Once it's inside the body, the cell reads the mRNA and begins to make harmless spike proteins of its own. From there, your body’s immune system recognizes the foreign threat and sounds the alarm. Then our body starts to build an army of antibodies, those are immune proteins that bind to the real virus and clear it away if you get infected.
Then, after a while, your cells get rid of that mRNA but your body remembers how to defend itself. It’s like showing the picture of a bad guy around town so everyone knows who to look out for if they ever show up.
Now, we can’t just inject straight mRNA into someone’s body, because your body is really good at chewing up and getting rid of foreign genetic material that’s not supposed to be there. That’s where the other vaccine ingredients come in. Both Pfizer and Moderna’s vaccines contain a variety of lipids. The word ‘lipid’ is just the scientific name for fat or fat-like molecule.
All of these lipids together form tiny little protective bubbles around the mRNA. One of the lipids sticks to the mRNA, others form the structure of the bubble and help it cross your cell membrane into your cells where it can be used, and other lipids keep the bubbles from clumping together. In both of these vaccines, this whole complex is called an LNP (Lipid Nanoparticle).
The next category of ingredients is Salts. Salts help balance the pH of the whole mixture, making it the same pH as your body. Salts balance pH by redistributing charges. A basic salt like sodium acetate helps balance out any acidity. Last but not least is Sucrose, which is there to keep everything stable at really cold temperatures. You wonder, "Why were those RNA vaccines stored at the temperature of dry ice?"
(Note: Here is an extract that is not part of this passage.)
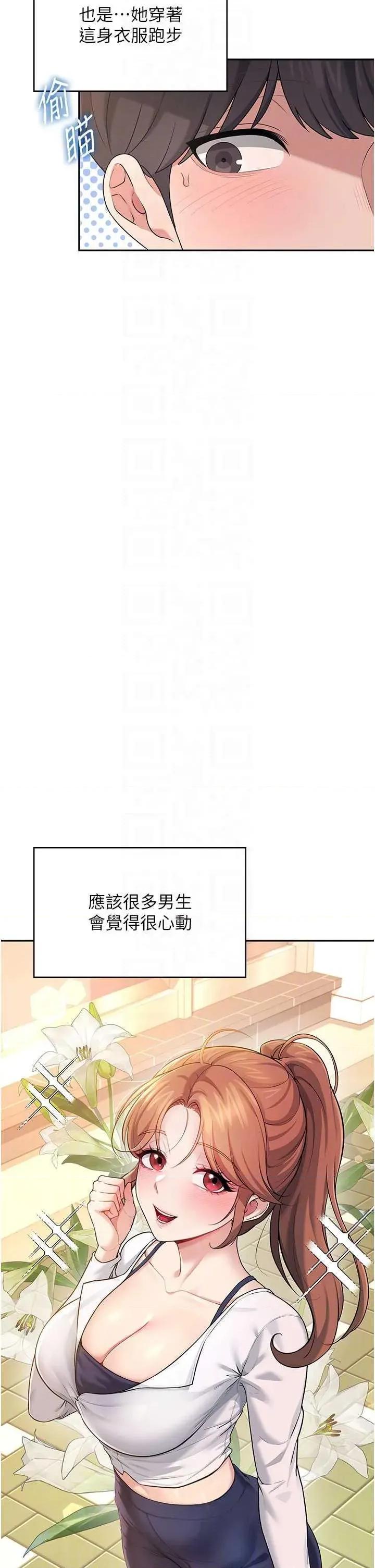飞机杯女神连缐中 飞机杯女神连缐中 30 第34页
It's because RNA has a problem with degradation. So, Sucrose (Sugar) essentially packs in around all the proteins and lipids in the other vaccine ingredients, keeping them from losing their shape and therefore, their properties.
Now Answer this : Who was the first person to get vaccinated against Smallpox by the Father of Immunology, Edward Jenner?
mRNA Vaccines have broken a lot of records in terms of efficacy, costs, and speed. And while they’ll have a big impact on how we fight Covid-19, their real impact is just beginning.
A vaccine that delivers specific instructions to your body opens up a whole new world of vaccine technologies and disease treatments, for things like cancer or HIV. Finding a vaccine was a turning point for the pandemic. But the pandemic might also be a turning point for vaccines.